Keywords: cytokine, IL-15, natural killer, signaling
Abstract
Interleukin 15 (IL-15) is an essential cytokine for the survival and proliferation of natural killer (NK) cells. IL-15 activates signaling by the β and common γ (γc) chain heterodimer of the IL-2 receptor through trans-presentation by cells expressing IL-15 bound to the α chain of the IL-15 receptor (IL-15Rα). We show here that membrane-associated IL-15Rα–IL-15 complexes are transferred from presenting cells to NK cells through trans-endocytosis and contribute to the phosphorylation of ribosomal protein S6 and NK cell proliferation. NK cell interaction with soluble or surface-bound IL-15Rα–IL-15 complex resulted in Stat5 phosphorylation and NK cell survival at a concentration or density of the complex much lower than required to stimulate S6 phosphorylation. Despite this efficient response, Stat5 phosphorylation was reduced after inhibition of metalloprotease-induced IL-15Rα–IL-15 shedding from trans-presenting cells, whereas S6 phosphorylation was unaffected. Conversely, inhibition of trans-endocytosis by silencing of the small GTPase TC21 or expression of a dominant-negative TC21 reduced S6 phosphorylation but not Stat5 phosphorylation. Thus, trans-endocytosis of membrane-associated IL-15Rα–IL-15 provides a mode of regulating NK cells that is not afforded to IL-2 and is distinct from activation by soluble IL-15. These results may explain the strict IL-15 dependence of NK cells and illustrate how the cellular compartment in which receptor–ligand interaction occurs can influence functional outcome.
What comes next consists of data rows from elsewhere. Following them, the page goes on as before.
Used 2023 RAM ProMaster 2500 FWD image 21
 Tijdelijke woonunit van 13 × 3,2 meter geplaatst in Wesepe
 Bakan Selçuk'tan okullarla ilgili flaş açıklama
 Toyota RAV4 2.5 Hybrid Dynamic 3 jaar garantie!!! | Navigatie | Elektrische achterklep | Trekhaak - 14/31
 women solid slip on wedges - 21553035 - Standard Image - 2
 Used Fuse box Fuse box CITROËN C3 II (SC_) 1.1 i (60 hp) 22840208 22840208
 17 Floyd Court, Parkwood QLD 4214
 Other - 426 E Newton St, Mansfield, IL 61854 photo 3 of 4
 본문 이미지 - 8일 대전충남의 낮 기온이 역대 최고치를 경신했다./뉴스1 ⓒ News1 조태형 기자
The cytokine interleukin (IL)-15 is crucial for natural killer (NK) cell development, survival, and proliferation (1, 2). The IL-15 receptor (IL-15R) consists of 3 subunits: the α chain, unique to IL-15R; the β chain, shared with IL-2R; and the common γ (γc) chain, shared with the receptors for IL-2, IL-4, IL-7, IL-9, and IL-21 (3). Accordingly, NK cells do not develop in mice lacking either IL-15 or any of the 3 IL-15R subunits (4–9). Despite their similarity, IL-15R has properties that are not shared with IL-2R. IL-15Rα has a very high affinity for IL-15 (Kd = 50 pM), whereas IL-2Rα binds IL-2 with a Kd of 10 nM. IL-15Rα and IL-15 are coexpressed in the same cells and exported to the plasma membrane as a complex, with IL-15Rα acting as a chaperone for IL-15 (10–12). Therefore, IL-15 is usually presented in trans by cells expressing the IL-15Rα–IL-15 complex, such as stromal cells and dendritic cells (DCs), to cells that express the β-γc chains, such as T cells and NK cells (10). Consistent with this, adoptively transferred NK cells lacking the IL-15Rα gene survive in normal mice but not in IL-15Rα–deficient mice (13, 14). Signal transduction from the β-γc chains activates multiple pathways, including a pathway that leads to a transcriptional response and cell survival through JAK1/3-dependent phosphorylation of Stat5 (15) and another pathway that activates cell proliferation through PI-3K–Akt–mTOR–dependent phosphorylation of the ribosomal protein S6 by the p70-S6 kinase (16–18).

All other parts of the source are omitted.